Beirut saute dans l’Océan Indien
Variations. Avec Perth, Beirut fait plusieurs dizaines de milliers de kilomètres. La voix de Zach Condon fait un retour marqué, associée cette fois-ci à un synthétiseur, des cuivres bondissants et des percussions étouffées toujours présentes. On peut s’imaginer facilement les côtes australiennes défilant devant nos yeux derrière la vitre d’un 4×4. Avec l’envie de s’arrêter pour plonger et profiter de la fraîcheur de l’océan…
Sortie de l’eau. Pacheco, qui conserve le même son au synthé, surprend par son rythme phénoménalement lent. Encore une fois, Beirut montre sa maestria à associer voix et cuivres pour des harmonies toujours poignantes.
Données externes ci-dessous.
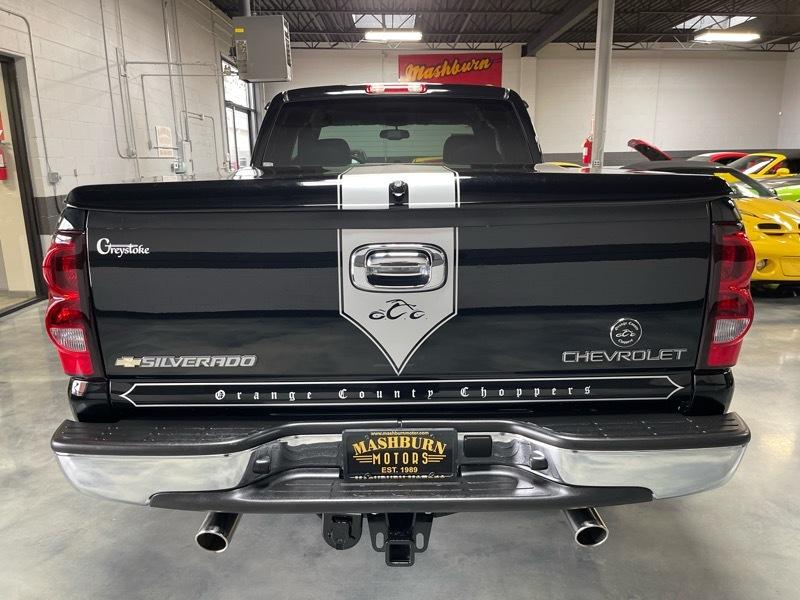 Chevrolet Silverado 1500  2005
Rythme, harmonies, lien : les clés pour dire Oui à No No No
Cohérence, cohésion. Sans doute l’une des qualités à retenir de ce nouvel opus de Beirut. Sur Fener, on retrouve en effet les mêmes sonorités surfin’ à la guitare que sur August Holland. Avant une rupture de rythme faisant penser à des morceaux des Beach Boys, entre piano battant la mesure et une alternance synthé/voix.
Final. So Allowed achève No No No sur une note douce-amère. La voix de Zach Condon s’exprime enfin dans sa pureté singulière, laissant un instant de côté ses harmonies très chères… mais pas ses cordes presque distordues et ses cuivres aux sonorités si identifiables et inimitables.
Cette manière de jouer avec les sons rappelle tout de même fortement Pet Sound. Beirut tiendra-t-il un jour l’album du siècle comme les garçons des plages, ou notre époque est-elle trop différente ?
On espère que la réponse mettra moins de temps à arriver que l’écart entre The Rip Tide et Gibraltar…
Notre note pour No No No : iii ½
Un come-back fracassant, ou plutôt délicat (meilleur sens du terme) pour un groupe loin d’être parti à la dérive, mais dont on attend le retour en fanfare.